サイゼリヤは、低価格のイタリア料理店「サイゼリヤ」をチェーン展開するフードサービス業。現在は947店舗(中国65の店舗を含む)を出店しており、連結売上高は998億円に上る(2011年8月期)。
同書では、正垣さんの実体験に基づくオリジナルの経営論が展開されていく。
中でも、ひと際異彩を放って輝いていたのは、「(外食の経営者は)『自分の店の料理はうまい』と思ってはいけない」(p9)の一言だ。
「『自分の店の料理はうまいと思ってしまったら、売れないのはお客が悪い。景気が悪い』と考えるしかなくなってしまう」(p9)からだ。
では、正垣さんは、おいしい、まずい、を何で判断しているのか?
それが客数なのだという。

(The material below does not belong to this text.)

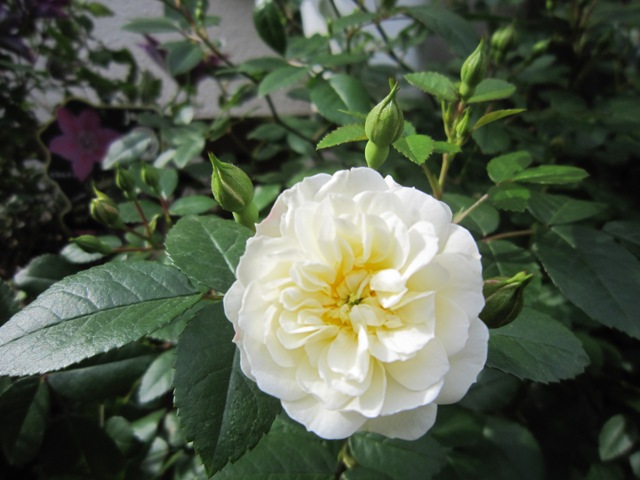 c0202870_8133231.jpg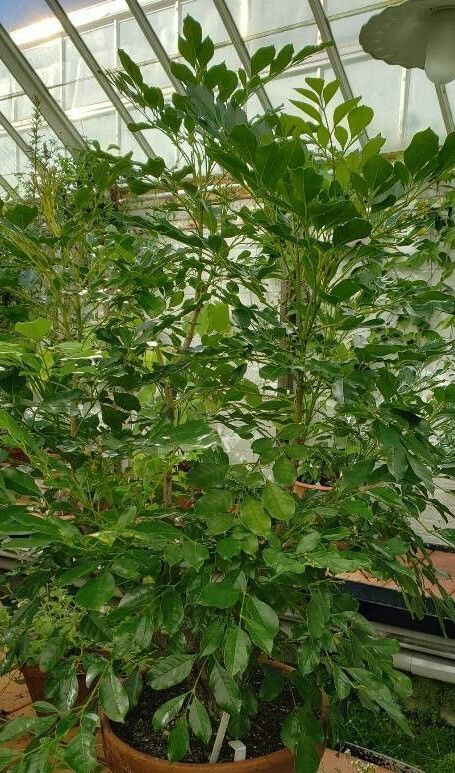 Radermachera hainanensis habit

「客数が増えているなら、その店の料理はおいしい。逆に客数が減っているなら、その店の料理はおいしくないのだから、何かの対策を講じるべきだ」(p50)。
その考え方が、本書のタイトルということになる。
確かにその通りで、とかく人間は、自己満足に陥りがちなものだ。
そして、「これだけ苦労してつくった味だからおいしいに決まっている」と独善が頭を持ち上げてしまうと、もう埒が明かない。

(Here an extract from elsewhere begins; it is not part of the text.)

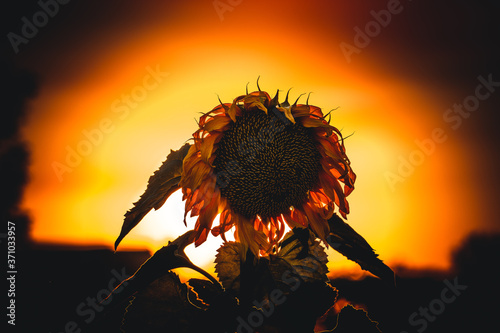 sunflower on sunset background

これは何も外食産業に限ったことではなく、食品スーパーでも同じことが言えるだろう。
たとえば、商品開発担当者自慢の「コロッケ」の販売数量がどうなっているのかは必ずチェックしたい。購入客が全客数の1割に満たないとするならば、味に改善の余地があるということだろう。

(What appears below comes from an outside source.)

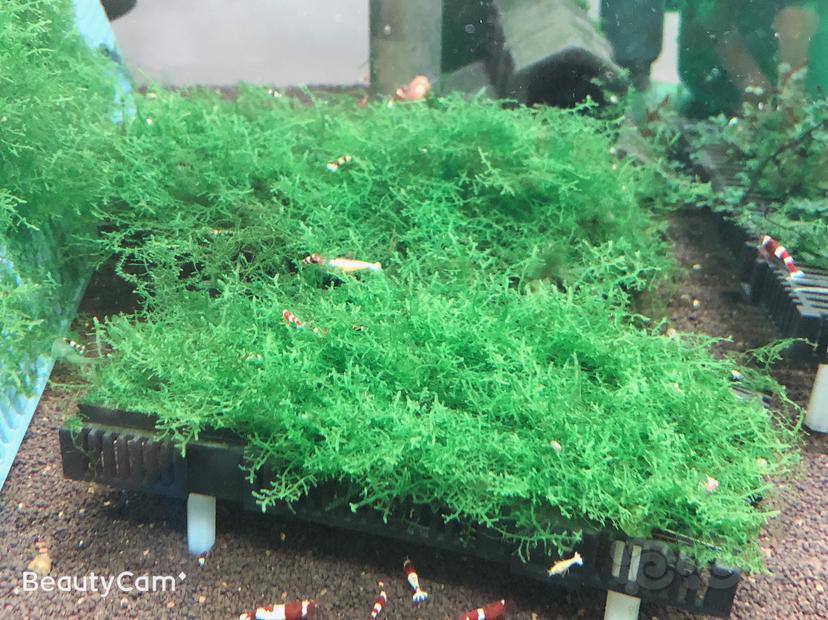 【用品】2019-9-22#RMB拍卖珊瑚moss一份-图1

われわれ『チェーンストアエイジ』誌の場合なら、発行部数ということになる。
自分たちが一生懸命つくったものは、子供のように可愛いものだ。もちろん、感情的にはそれでかまわない。
しかしながら、商売としてはそれではダメで、客観的・科学的アプローチでメスを入れる必要がある、ことを正垣さんは教えてくれる。